Dan Reeves started coaching the Falcons in 1997, and they became more relatively White friendly over time. By around 2002 they had 10 White starters, including five on defense.
Bob Christian was another of those "fullbacks" who should have been a tailback. The most carries he had in his long NFL career came in 2001, when he had 44 rushes for 284 yards, 6.5 yards per carry. Reeves himself was an "overachieving" tailback with the Cowboys in the 1960s who should have given Christian his due, but for the NFL he passed for one of the better coaches as far as overall fairness.

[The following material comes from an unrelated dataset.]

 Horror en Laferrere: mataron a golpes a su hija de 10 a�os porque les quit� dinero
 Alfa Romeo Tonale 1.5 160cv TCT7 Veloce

Tim Dwight was a rookie in that Super Bowl year. In '99 he led the league in yards per reception when he became a starter during the second half of the season, with 20.9 ypc (Keith Poole was second and Patrick Jeffers was fourth). The second half of the 1999 regular season was amazing, with White receivers running up and down the field and putting up big numbers, led by Jeffers, an unstoppable gazelle, the most fun to watch during my 40 years of closely observing the NFL from an aware perspective. But the next season the "uprising" was promptly squashed. In Dwight's case he went right back to being a backup for the rest of his career. He could have easily been another Wes Welker but with world class speed.